(Caption-style text data)
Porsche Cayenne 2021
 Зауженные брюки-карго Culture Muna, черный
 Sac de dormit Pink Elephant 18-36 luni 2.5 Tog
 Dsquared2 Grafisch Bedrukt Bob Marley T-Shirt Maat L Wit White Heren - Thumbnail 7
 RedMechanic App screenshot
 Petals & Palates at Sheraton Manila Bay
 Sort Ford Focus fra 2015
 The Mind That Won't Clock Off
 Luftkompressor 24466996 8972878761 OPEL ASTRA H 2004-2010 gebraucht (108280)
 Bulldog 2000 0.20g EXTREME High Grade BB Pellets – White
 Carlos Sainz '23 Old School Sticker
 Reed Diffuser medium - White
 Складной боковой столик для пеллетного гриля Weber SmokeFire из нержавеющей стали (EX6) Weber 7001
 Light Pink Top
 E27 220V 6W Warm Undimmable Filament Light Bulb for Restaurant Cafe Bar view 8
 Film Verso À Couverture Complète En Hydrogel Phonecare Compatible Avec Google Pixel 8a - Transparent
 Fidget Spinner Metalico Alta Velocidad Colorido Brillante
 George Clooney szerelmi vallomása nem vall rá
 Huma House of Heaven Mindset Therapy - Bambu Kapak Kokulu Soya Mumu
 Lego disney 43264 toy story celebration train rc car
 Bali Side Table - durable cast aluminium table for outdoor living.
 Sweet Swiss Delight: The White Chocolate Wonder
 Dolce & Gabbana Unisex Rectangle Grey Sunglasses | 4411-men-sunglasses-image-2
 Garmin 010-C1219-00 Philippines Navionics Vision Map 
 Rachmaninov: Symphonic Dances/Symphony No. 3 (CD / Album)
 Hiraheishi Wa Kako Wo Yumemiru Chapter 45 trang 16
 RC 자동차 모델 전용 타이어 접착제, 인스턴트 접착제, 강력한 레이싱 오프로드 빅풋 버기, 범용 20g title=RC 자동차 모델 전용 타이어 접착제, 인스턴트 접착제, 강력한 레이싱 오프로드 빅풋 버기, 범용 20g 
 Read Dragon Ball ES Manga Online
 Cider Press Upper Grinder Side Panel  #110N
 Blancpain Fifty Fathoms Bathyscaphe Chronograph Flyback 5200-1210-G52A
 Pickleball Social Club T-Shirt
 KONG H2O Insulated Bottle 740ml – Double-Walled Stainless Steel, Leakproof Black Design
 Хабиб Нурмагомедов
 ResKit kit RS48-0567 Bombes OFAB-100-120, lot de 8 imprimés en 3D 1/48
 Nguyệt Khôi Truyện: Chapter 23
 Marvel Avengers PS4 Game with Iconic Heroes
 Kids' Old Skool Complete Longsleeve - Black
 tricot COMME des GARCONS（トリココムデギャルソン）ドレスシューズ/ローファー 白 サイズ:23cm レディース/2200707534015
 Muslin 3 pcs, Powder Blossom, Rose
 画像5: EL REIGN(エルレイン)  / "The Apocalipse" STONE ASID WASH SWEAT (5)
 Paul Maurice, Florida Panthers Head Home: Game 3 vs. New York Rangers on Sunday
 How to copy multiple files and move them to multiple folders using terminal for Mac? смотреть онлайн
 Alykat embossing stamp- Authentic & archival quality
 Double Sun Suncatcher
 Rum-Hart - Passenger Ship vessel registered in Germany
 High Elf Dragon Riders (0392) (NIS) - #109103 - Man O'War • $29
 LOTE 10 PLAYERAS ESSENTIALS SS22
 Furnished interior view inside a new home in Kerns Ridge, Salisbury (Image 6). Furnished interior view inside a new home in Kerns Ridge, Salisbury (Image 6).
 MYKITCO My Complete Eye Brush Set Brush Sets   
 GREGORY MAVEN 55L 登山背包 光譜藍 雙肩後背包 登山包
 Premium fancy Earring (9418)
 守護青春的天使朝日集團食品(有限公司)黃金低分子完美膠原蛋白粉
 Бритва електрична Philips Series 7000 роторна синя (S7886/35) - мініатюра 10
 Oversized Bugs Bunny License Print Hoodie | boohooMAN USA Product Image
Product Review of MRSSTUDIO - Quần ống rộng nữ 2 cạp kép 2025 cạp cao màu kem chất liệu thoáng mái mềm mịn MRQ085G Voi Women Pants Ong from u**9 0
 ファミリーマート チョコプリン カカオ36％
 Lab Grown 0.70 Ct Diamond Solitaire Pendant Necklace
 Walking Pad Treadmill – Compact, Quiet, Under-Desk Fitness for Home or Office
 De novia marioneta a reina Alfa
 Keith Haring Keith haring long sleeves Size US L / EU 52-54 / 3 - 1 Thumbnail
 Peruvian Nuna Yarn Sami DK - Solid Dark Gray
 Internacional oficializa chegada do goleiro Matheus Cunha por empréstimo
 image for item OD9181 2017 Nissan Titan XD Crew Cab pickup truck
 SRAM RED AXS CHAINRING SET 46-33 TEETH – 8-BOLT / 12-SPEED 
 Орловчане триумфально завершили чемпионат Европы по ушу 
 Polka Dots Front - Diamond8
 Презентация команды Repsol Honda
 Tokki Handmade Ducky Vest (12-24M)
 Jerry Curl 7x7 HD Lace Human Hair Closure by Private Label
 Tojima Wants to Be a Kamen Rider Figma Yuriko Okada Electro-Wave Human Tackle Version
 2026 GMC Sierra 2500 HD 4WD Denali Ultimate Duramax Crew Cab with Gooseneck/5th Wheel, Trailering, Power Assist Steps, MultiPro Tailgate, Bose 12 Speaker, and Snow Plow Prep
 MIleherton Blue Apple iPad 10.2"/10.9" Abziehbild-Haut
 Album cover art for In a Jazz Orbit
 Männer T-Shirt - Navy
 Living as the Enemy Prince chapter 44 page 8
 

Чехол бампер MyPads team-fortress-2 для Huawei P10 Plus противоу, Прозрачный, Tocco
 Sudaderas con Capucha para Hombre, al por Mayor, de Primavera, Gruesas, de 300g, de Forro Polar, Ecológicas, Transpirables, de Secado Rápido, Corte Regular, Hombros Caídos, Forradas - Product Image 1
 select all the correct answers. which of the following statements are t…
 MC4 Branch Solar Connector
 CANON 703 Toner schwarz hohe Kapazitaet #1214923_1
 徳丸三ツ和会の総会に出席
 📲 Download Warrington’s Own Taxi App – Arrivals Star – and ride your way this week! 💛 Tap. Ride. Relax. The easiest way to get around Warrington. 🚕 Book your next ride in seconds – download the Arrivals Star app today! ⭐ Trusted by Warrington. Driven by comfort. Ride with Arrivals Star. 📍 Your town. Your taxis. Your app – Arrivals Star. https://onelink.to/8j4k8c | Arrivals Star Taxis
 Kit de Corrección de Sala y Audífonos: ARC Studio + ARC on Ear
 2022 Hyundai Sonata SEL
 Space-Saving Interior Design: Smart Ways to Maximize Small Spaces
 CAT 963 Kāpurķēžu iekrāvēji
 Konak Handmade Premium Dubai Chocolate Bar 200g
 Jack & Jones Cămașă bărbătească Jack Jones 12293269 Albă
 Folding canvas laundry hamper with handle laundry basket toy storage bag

▸ **Work required**
Would you please transcribe all of the entries above exactly?

▸ **Result**
Porsche Cayenne 2021
 Зауженные брюки-карго Culture Muna, черный
 Sac de dormit Pink Elephant 18-36 luni 2.5 Tog
 Dsquared2 Grafisch Bedrukt Bob Marley T-Shirt Maat L Wit White Heren - Thumbnail 7
 RedMechanic App screenshot
 Petals & Palates at Sheraton Manila Bay
 Sort Ford Focus fra 2015
 The Mind That Won't Clock Off
 Luftkompressor 24466996 8972878761 OPEL ASTRA H 2004-2010 gebraucht (108280)
 Bulldog 2000 0.20g EXTREME High Grade BB Pellets – White
 Carlos Sainz '23 Old School Sticker
 Reed Diffuser medium - White
 Складной боковой столик для пеллетного гриля Weber SmokeFire из нержавеющей стали (EX6) Weber 7001
 Light Pink Top
 E27 220V 6W Warm Undimmable Filament Light Bulb for Restaurant Cafe Bar view 8
 Film Verso À Couverture Complète En Hydrogel Phonecare Compatible Avec Google Pixel 8a - Transparent
 Fidget Spinner Metalico Alta Velocidad Colorido Brillante
 George Clooney szerelmi vallomása nem vall rá
 Huma House of Heaven Mindset Therapy - Bambu Kapak Kokulu Soya Mumu
 Lego disney 43264 toy story celebration train rc car
 Bali Side Table - durable cast aluminium table for outdoor living.
 Sweet Swiss Delight: The White Chocolate Wonder
 Dolce & Gabbana Unisex Rectangle Grey Sunglasses | 4411-men-sunglasses-image-2
 Garmin 010-C1219-00 Philippines Navionics Vision Map 
 Rachmaninov: Symphonic Dances/Symphony No. 3 (CD / Album)
 Hiraheishi Wa Kako Wo Yumemiru Chapter 45 trang 16
 RC 자동차 모델 전용 타이어 접착제, 인스턴트 접착제, 강력한 레이싱 오프로드 빅풋 버기, 범용 20g title=RC 자동차 모델 전용 타이어 접착제, 인스턴트 접착제, 강력한 레이싱 오프로드 빅풋 버기, 범용 20g 
 Read Dragon Ball ES Manga Online
 Cider Press Upper Grinder Side Panel  #110N
 Blancpain Fifty Fathoms Bathyscaphe Chronograph Flyback 5200-1210-G52A
 Pickleball Social Club T-Shirt
 KONG H2O Insulated Bottle 740ml – Double-Walled Stainless Steel, Leakproof Black Design
 Хабиб Нурмагомедов
 ResKit kit RS48-0567 Bombes OFAB-100-120, lot de 8 imprimés en 3D 1/48
 Nguyệt Khôi Truyện: Chapter 23
 Marvel Avengers PS4 Game with Iconic Heroes
 Kids' Old Skool Complete Longsleeve - Black
 tricot COMME des GARCONS（トリココムデギャルソン）ドレスシューズ/ローファー 白 サイズ:23cm レディース/2200707534015
 Muslin 3 pcs, Powder Blossom, Rose
 画像5: EL REIGN(エルレイン)  / "The Apocalipse" STONE ASID WASH SWEAT (5)
 Paul Maurice, Florida Panthers Head Home: Game 3 vs. New York Rangers on Sunday
 How to copy multiple files and move them to multiple folders using terminal for Mac? смотреть онлайн
 Alykat embossing stamp- Authentic & archival quality
 Double Sun Suncatcher
 Rum-Hart - Passenger Ship vessel registered in Germany
 High Elf Dragon Riders (0392) (NIS) - #109103 - Man O'War • $29
 LOTE 10 PLAYERAS ESSENTIALS SS22
 Furnished interior view inside a new home in Kerns Ridge, Salisbury (Image 6). Furnished interior view inside a new home in Kerns Ridge, Salisbury (Image 6).
 MYKITCO My Complete Eye Brush Set Brush Sets   
 GREGORY MAVEN 55L 登山背包 光譜藍 雙肩後背包 登山包
 Premium fancy Earring (9418)
 守護青春的天使朝日集團食品(有限公司)黃金低分子完美膠原蛋白粉
 Бритва електрична Philips Series 7000 роторна синя (S7886/35) - мініатюра 10
 Oversized Bugs Bunny License Print Hoodie | boohooMAN USA Product Image
Product Review of MRSSTUDIO - Quần ống rộng nữ 2 cạp kép 2025 cạp cao màu kem chất liệu thoáng mái mềm mịn MRQ085G Voi Women Pants Ong from u**9 0
 ファミリーマート チョコプリン カカオ36％
 Lab Grown 0.70 Ct Diamond Solitaire Pendant Necklace
 Walking Pad Treadmill – Compact, Quiet, Under-Desk Fitness for Home or Office
 De novia marioneta a reina Alfa
 Keith Haring Keith haring long sleeves Size US L / EU 52-54 / 3 - 1 Thumbnail
 Peruvian Nuna Yarn Sami DK - Solid Dark Gray
 Internacional oficializa chegada do goleiro Matheus Cunha por empréstimo
 image for item OD9181 2017 Nissan Titan XD Crew Cab pickup truck
 SRAM RED AXS CHAINRING SET 46-33 TEETH – 8-BOLT / 12-SPEED 
 Орловчане триумфально завершили чемпионат Европы по ушу 
 Polka Dots Front - Diamond8
 Презентация команды Repsol Honda
 Tokki Handmade Ducky Vest (12-24M)
 Jerry Curl 7x7 HD Lace Human Hair Closure by Private Label
 Tojima Wants to Be a Kamen Rider Figma Yuriko Okada Electro-Wave Human Tackle Version
 2026 GMC Sierra 2500 HD 4WD Denali Ultimate Duramax Crew Cab with Gooseneck/5th Wheel, Trailering, Power Assist Steps, MultiPro Tailgate, Bose 12 Speaker, and Snow Plow Prep
 MIleherton Blue Apple iPad 10.2"/10.9" Abziehbild-Haut
 Album cover art for In a Jazz Orbit
 Männer T-Shirt - Navy
 Living as the Enemy Prince chapter 44 page 8
 

Чехол бампер MyPads team-fortress-2 для Huawei P10 Plus противоу, Прозрачный, Tocco
 Sudaderas con Capucha para Hombre, al por Mayor, de Primavera, Gruesas, de 300g, de Forro Polar, Ecológicas, Transpirables, de Secado Rápido, Corte Regular, Hombros Caídos, Forradas - Product Image 1
 select all the correct answers. which of the following statements are t…
 MC4 Branch Solar Connector
 CANON 703 Toner schwarz hohe Kapazitaet #1214923_1
 徳丸三ツ和会の総会に出席
 📲 Download Warrington’s Own Taxi App – Arrivals Star – and ride your way this week! 💛 Tap. Ride. Relax. The easiest way to get around Warrington. 🚕 Book your next ride in seconds – download the Arrivals Star app today! ⭐ Trusted by Warrington. Driven by comfort. Ride with Arrivals Star. 📍 Your town. Your taxis. Your app – Arrivals Star. https://onelink.to/8j4k8c | Arrivals Star Taxis
 Kit de Corrección de Sala y Audífonos: ARC Studio + ARC on Ear
 2022 Hyundai Sonata SEL
 Space-Saving Interior Design: Smart Ways to Maximize Small Spaces
 CAT 963 Kāpurķēžu iekrāvēji
 Konak Handmade Premium Dubai Chocolate Bar 200g
 Jack & Jones Cămașă bărbătească Jack Jones 12293269 Albă
 Folding canvas laundry hamper with handle laundry basket toy storage bag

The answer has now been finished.